» Supplied material
--- --- ---
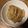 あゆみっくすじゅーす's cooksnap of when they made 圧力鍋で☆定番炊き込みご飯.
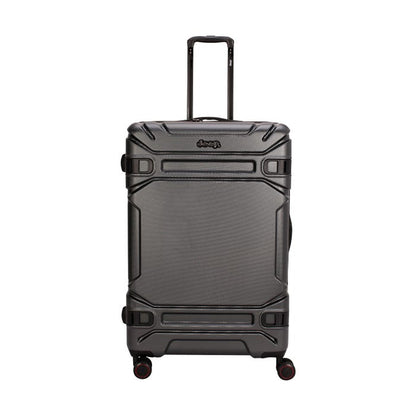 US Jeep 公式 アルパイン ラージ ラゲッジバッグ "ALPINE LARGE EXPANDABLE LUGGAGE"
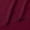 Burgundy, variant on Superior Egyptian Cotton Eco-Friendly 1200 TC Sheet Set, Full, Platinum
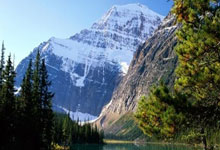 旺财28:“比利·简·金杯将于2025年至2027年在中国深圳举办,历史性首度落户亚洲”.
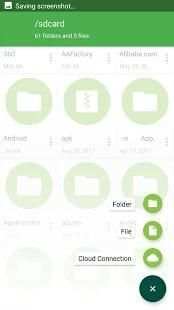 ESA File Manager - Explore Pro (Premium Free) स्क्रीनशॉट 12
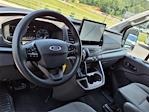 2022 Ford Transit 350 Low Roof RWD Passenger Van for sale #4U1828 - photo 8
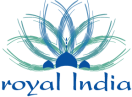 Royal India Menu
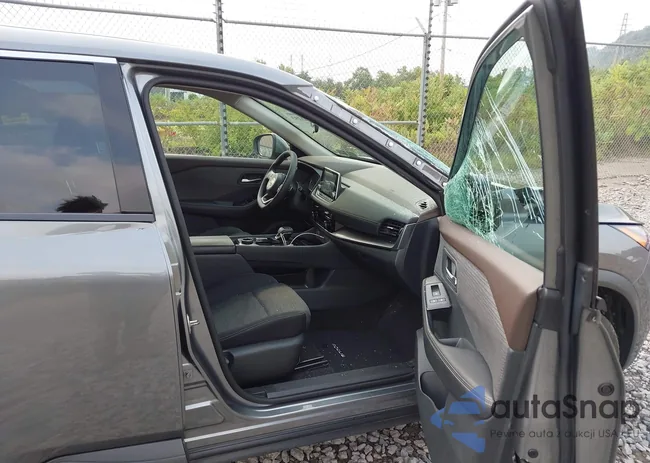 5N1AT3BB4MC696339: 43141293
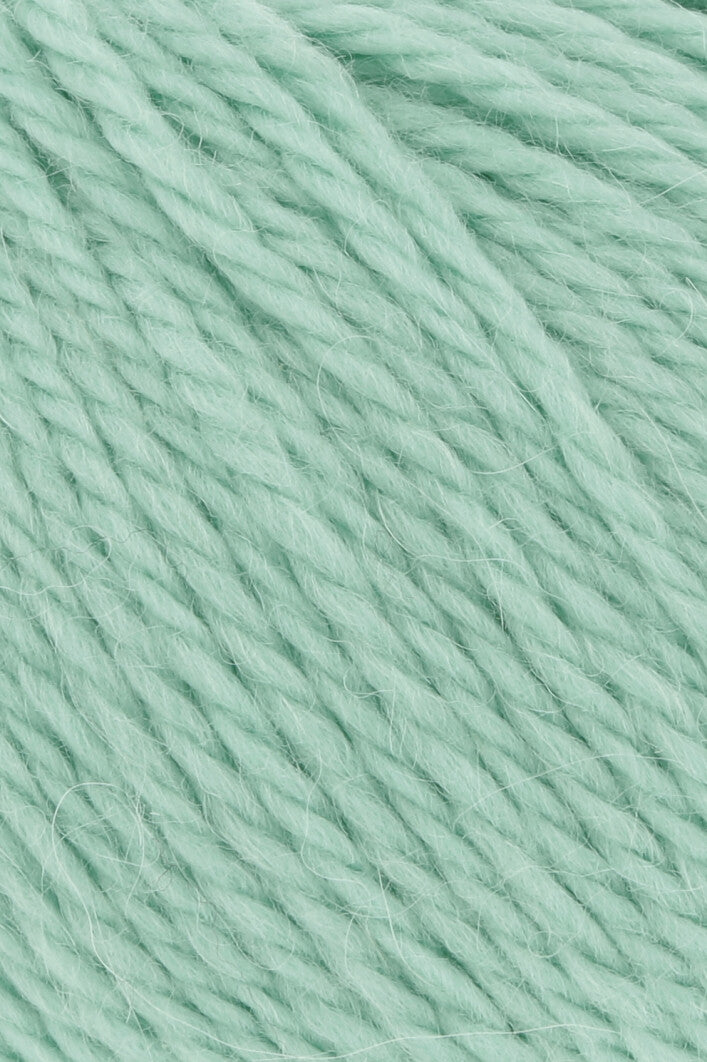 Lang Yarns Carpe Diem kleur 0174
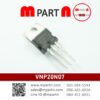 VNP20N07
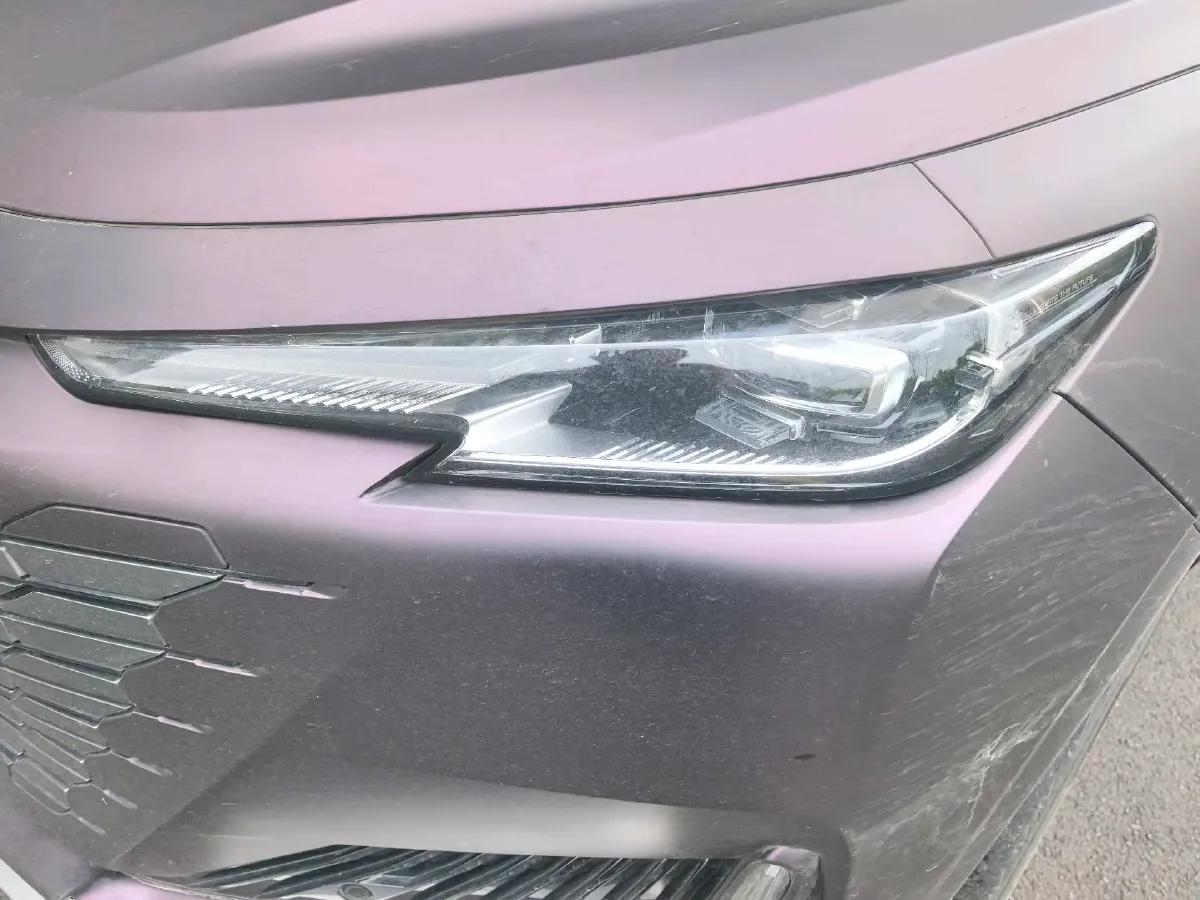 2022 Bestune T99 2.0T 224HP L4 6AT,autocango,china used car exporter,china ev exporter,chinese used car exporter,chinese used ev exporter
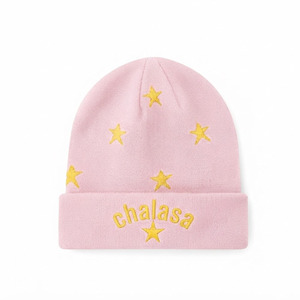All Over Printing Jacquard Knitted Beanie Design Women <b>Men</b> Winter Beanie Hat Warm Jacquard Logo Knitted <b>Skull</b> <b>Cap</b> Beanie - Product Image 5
--- --- ---
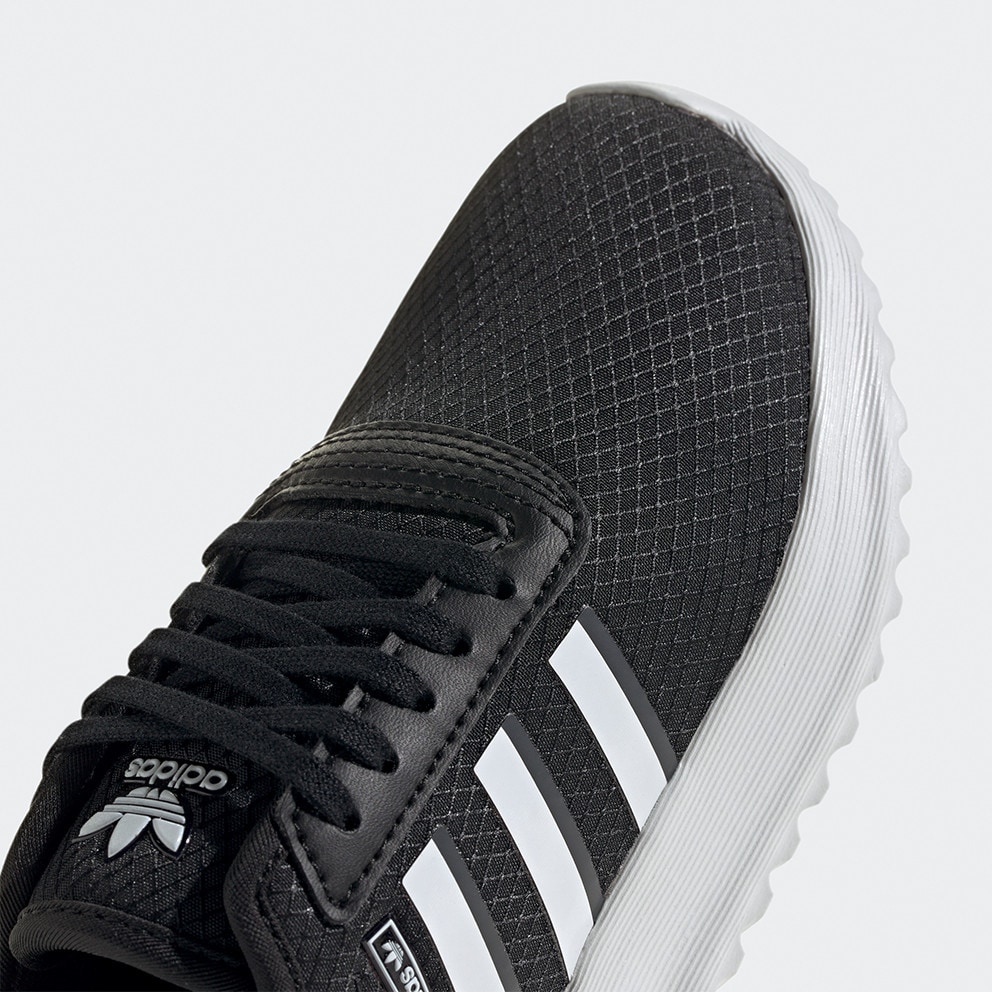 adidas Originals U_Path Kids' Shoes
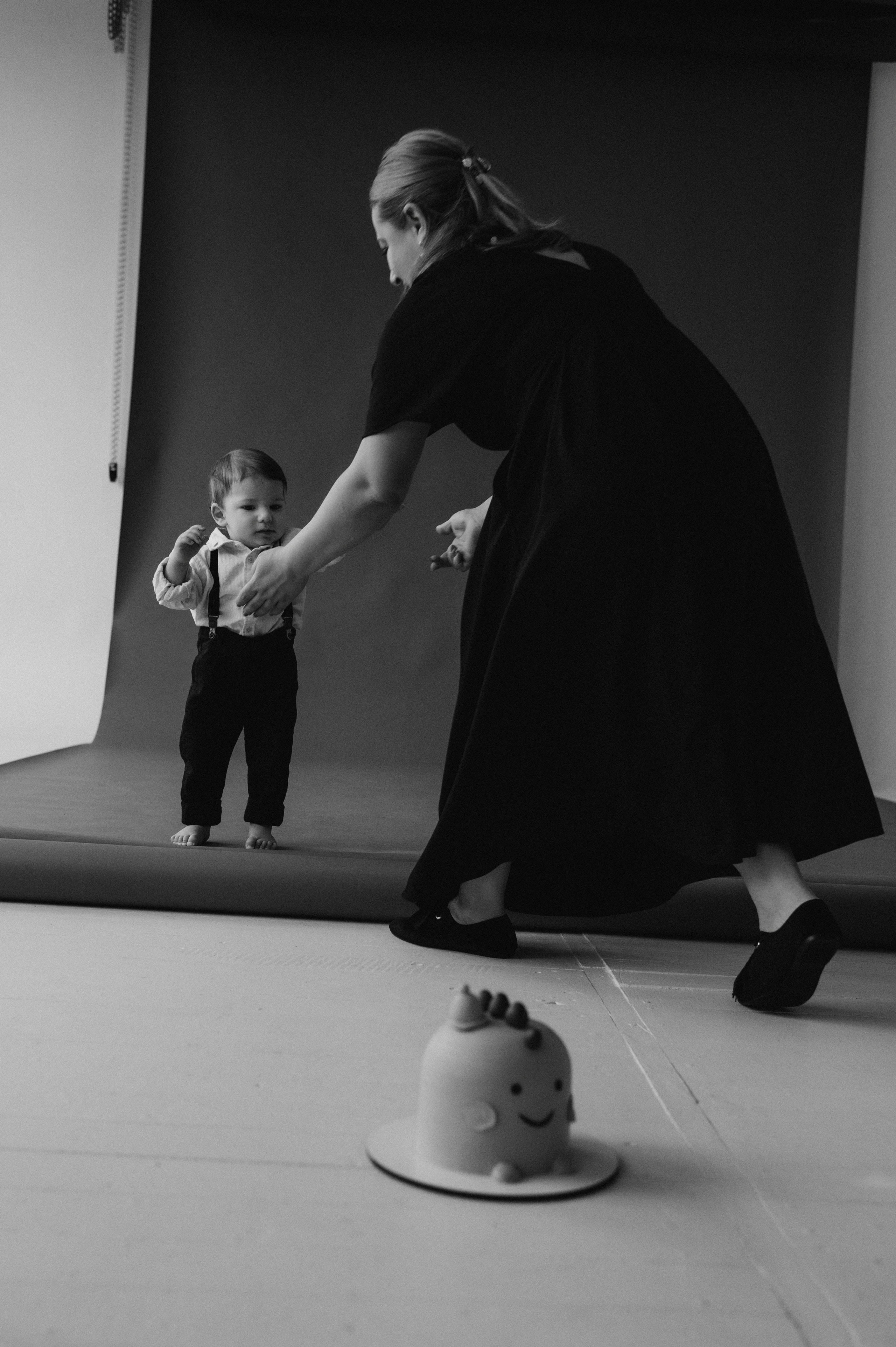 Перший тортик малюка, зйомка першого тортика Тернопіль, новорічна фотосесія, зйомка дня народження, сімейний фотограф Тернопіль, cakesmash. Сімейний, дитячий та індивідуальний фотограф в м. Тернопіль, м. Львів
--- --- ---
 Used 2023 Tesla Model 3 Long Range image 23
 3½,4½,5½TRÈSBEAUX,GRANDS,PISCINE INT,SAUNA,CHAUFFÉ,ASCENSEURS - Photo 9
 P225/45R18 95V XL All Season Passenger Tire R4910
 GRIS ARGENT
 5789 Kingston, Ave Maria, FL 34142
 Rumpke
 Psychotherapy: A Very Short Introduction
--- --- ---
» What the task asks
All lines above from the one holding "GRIS ARGENT" to the one holding "Psychotherapy: A Very Short Introduction", inclusive, are to be copied exactly; no other line is wanted.

» Answer below
 GRIS ARGENT
 5789 Kingston, Ave Maria, FL 34142
 Rumpke
 Psychotherapy: A Very Short Introduction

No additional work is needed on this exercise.